After the refreshing cup of tea we started with the visit of the main temple complex of Angkor Wat. Angkor Wat ( which means City Temple) was built for the king Suryavarman II in the early 12th century as his state temple and capital city
The temple complex is just amazing and built with such a preciseness that you ask yourself how on earth the managed to build this?? Every wall, every gate has its own story. With a ground map and the explenations of the Lonely planet we walked our way through Angkor, enjoying every single moment. Arrived in one of the inner temples there were some steep stairs we had to climb so we could see a buddha statue, but unfortunaltely Natasa couldn't enter since she was wearing shorts...too short shorts (accordig to Buddhism-belief). I quickly ran up, made a little video of what I saw and came down to share :- ) Suffering from this almost unbearable heat we searched some shade to rest and read about the next temple we'd visit: Angkor Thom.

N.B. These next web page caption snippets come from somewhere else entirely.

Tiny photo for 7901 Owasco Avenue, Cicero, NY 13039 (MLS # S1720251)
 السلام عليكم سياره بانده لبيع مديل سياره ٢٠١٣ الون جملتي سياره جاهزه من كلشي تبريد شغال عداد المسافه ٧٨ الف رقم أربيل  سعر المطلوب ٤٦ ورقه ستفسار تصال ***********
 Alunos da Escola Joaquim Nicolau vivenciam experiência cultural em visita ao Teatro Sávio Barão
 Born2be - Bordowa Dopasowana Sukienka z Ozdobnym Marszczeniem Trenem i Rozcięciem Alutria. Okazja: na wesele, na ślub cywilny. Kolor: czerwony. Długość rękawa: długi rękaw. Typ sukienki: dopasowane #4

Angkor Thom (or "Great City") probably doesn't mean anything to you at this point, but the ones who saw Lara Croft's "Tomb Raider" will know what this temple is all about... We got dropped off by Srel in front of the imposant entering gates, 23m high and carrying a face like the ones in Bayon. A dusty path lead us to the temple, all hidden in the jungle. It was crazy to see the trees with gigantic roots growing over the temples, some of the trees were even several hundreds years old. We wandered around. Our eyes liked what we saw.... at certain moment inside the courtyard of the main temple we saw "the" famous temple and tree out of Angelina Jolie's movie...too bad I didn't get to see her ha ha :(
As it was already getting late we ask Srel to stop at some place where we could quicly have a bite
The terrace of the Elephants is part of the walled city of Angkor Thom. The terrace was used by Angkor's king Jayavarman VII as a platform from which to view his victorious returning army. It was attached to the palace of Phimeanakas of which only a few ruins remain. Most of the original structure was made of organic material and has long since disappeared. Most of what remains are the foundation platforms of the complex. The terrace is named for the carvings of elephants on its eastern face. The 350m-long Terrace of Elephants was used as a giant reviewing stand for public ceremonies and served as a base for the king's grand audience hall. It must have been pretty amazing witnessing one of those ceremonies, too bad we'll never know! A bit further lays the terrace of the Leper King. This terrace is located in the northwest corner of the Royal Square of Angkor Thom. It was built in the Bayon style under Jayavarman VII, though its modern name derives from a 15th century sculpture discovered at the site. The statue depicts the Hindu god Yama, the god of Death. He was called the Leper King because discoloration and moss growing on the original statue was reminiscent of a person with leprosy, and also because it fit in with a Cambodian legend of an Angkorian king who had leprosy
As it was already getting late we walked from the Lepper King terrace in the diraction of Bayon, the last temple for today. However, before we could reach the temple we got hit by a severe thunderstorm. As there were only ruins nearby we ran to a big tree and hoped the branches would save us from the biggest cats & dogs. We learned our lesson from the rain we had in Bokor and bought ourselves a superduper poncho...it helped a bit, but mine kinde of got ripped apart when I tried to save my backpack with my camera. The sky was not grey but black! It rained for over 30min and there we were, soaking wet! We didn't really felt capable of visiting Bayon anymore today and we just asked Srel to bring us back to the hotel. We got cold in the tuk tuk and couldn't wait to put on some dry & warmer clothes. Although the room only had cold water, it felt good to take a shower... Tired of exploring Angkor the whole day we crawled into bed... nighty night!!